Former UN diplomat and Nobel laureate Mohammed El Baradei defied house arrest to speak to a crowd of 10,000 or so in Tahrir on Sunday evening. Protesters, including families with children, chanted "Leave, leave, leave" and held up pictures of President Honsi Mubarak with his face crossed out, as military jets streaked overhead in a show of force and tanks stood parked nearby.

Protest rallies also took place in Alexandria, Mansoura, Damanhour and Suez. Cairo has been hit by looting and burning, with gangs of armed men roaming the streets.

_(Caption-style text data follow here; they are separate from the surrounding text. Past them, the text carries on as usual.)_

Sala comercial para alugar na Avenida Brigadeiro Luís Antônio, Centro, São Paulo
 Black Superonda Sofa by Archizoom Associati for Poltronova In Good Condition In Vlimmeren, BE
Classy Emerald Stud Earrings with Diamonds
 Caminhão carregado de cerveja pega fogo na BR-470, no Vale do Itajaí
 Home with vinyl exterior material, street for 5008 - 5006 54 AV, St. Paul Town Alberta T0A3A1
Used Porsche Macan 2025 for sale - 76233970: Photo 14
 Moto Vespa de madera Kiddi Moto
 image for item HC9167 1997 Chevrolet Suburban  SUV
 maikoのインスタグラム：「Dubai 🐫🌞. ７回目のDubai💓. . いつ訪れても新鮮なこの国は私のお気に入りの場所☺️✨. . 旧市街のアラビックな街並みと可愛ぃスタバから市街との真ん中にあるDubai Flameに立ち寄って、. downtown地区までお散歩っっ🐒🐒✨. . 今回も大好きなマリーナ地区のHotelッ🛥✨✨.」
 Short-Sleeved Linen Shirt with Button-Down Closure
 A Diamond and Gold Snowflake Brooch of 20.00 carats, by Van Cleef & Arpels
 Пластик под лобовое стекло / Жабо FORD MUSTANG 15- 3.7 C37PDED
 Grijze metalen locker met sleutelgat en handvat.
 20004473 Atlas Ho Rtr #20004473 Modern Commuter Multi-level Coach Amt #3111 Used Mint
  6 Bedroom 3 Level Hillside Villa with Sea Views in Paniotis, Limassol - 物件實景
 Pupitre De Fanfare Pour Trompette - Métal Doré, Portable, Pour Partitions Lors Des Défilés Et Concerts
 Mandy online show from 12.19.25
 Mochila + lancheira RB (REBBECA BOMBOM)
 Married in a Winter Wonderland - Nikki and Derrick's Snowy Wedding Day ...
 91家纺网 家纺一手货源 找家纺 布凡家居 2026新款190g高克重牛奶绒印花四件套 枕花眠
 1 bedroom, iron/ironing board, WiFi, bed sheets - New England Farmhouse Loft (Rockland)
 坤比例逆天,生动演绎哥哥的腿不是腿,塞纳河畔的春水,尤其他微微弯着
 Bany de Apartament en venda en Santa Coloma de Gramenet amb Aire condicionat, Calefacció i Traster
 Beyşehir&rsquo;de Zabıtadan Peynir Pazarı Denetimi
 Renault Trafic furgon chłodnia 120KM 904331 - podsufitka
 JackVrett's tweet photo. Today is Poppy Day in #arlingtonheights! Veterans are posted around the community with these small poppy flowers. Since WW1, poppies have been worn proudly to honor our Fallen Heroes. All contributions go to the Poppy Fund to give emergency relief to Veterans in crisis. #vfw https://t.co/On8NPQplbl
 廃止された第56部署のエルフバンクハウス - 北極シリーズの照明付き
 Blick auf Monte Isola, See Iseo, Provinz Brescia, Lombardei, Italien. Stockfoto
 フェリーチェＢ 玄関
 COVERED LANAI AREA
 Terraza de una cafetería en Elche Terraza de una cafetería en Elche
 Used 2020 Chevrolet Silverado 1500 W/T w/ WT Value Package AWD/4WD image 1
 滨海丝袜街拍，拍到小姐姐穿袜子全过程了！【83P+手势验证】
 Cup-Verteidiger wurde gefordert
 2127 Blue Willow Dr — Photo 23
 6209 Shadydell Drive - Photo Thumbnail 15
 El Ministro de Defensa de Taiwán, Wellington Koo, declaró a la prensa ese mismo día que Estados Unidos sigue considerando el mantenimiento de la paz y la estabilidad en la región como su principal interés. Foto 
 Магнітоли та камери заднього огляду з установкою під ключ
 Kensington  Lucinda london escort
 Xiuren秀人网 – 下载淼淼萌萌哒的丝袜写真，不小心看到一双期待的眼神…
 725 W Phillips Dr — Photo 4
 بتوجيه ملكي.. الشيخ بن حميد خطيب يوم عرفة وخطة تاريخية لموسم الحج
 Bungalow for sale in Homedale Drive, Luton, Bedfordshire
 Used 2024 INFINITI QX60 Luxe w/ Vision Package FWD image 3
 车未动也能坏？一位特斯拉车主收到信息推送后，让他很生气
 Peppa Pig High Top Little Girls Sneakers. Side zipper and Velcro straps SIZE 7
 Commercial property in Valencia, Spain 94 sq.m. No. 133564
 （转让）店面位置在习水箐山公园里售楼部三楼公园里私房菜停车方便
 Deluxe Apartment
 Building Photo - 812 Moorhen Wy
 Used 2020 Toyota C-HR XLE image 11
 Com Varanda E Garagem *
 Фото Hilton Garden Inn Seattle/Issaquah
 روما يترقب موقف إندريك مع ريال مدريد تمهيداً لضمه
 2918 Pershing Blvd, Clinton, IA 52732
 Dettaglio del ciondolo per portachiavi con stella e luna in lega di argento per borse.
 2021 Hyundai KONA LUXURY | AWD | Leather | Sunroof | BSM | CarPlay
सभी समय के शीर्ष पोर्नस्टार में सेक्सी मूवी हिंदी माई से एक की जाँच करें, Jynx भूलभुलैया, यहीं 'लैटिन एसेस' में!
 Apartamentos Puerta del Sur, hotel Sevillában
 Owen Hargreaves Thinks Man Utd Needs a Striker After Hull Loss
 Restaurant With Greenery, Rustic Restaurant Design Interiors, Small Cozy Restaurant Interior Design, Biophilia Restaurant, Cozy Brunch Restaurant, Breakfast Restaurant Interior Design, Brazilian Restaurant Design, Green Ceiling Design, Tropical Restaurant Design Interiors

Looting was also reported in tourist resorts in the Sinai peninsula, with some hotels erecting barricades.

Tourists trying to make their own way out through Cairo airport have been blocked by widespread flight cancellations, with reports of "chaotic" scenes in the travel hub.

Most EU governments have urged people not to travel to Egypt. But so far only Bulgaria and Greece have begun to evacuate nationals in anticipation of worse to come. Azerbaijan, Canada, India, Iraq, Saudi Arabia, Turkey and the US have also begun evacuations, with the US set to fly people to Athens, Istanbul and Nicosia.

"As yet the situation has not reached the stage where we would necessarily be considering chartering planes and getting larger numbers out," a British foreign ministry spokesman told the BBC on Sunday.

The roll call of EU tourists currently in Egypt includes some 30,000 UK citizens, 15,000 Swedes, 10,000 French people, 3,500 Finns, 3,000 Dutch citizens, and 200 Bulgarians. Tourism accounts for some six percent of Egyptian GDP and one in eight jobs in the country.

In terms of international diplomacy, the leaders of France, Germany and the UK - the EU's three biggest foreign policy players - issued a joint statement on Saturday urging both protesters and Mr Mubarak to refrain from violence. "We urge President Mubarak to embark on a process of transformation which should be reflected in a broad-based government and in free and fair elections," the leaders said.

German foreign minister Guido Westerwelle told press in Berlin: "The German government stands by those who are calling for democracy and civil and human rights ... Nothing can return to the order of the day; nothing will be as it once was."

The EU institutions in Brussels issued three separate statements.

European Parliament President Jerzy Buzek put an accent on freedom of assembly and communication. "Internet services and phone lines need to be accessible to all," he said. EU Council President Herman Van Rompuy underlined the need to free political detainees and said he is "deeply troubled." EU foreign relations chief Catherine Ashton mostly urged "calm and restraint," adding that EU foreign ministers will discuss the situation at a scheduled meeting on Monday.

US President Barack Obama took broadly the same line as France, Germany and the UK. "There must be reform - political, social, and economic reforms that meet the aspirations of the Egyptian people ... ultimately the future of Egypt will be determined by the Egyptian people," he said.

China and Israel have so far stood out in siding with Mr Mubarak.

"We hope Egypt will return to social stability and normal order as soon as possible," Chinese foreign ministry spokesman Hong Lei said on Sunday. The authoritarian country's censorship machine has blocked news and online discussion of events in north Africa.

Israeli leaders have kept silent. But a senior Israeli official told the country's Haaretz daily that the West is making a mistake. "The Americans and the Europeans are being pulled along by public opinion and aren't considering their genuine interests," the official said. "Even if they are critical of Mubarak they have to make their friends feel that they're not alone. Jordan and Saudi Arabia see the reactions in the West, how everyone is abandoning Mubarak, and this will have very serious implications."

The Egyptian protests come in the wake of a popular revolution in Tunisia and similar protests in Algeria, Jordan and Yemen, with Syria also showing concern the movement could spread.

The new Tunisian foreign minister, Ahmed Abderraouf Ounais, is to meet with the EU's Ms Ashton in Brussels on Tuesday. The Yemeni foreign minister is also in Brussels on Wednesday.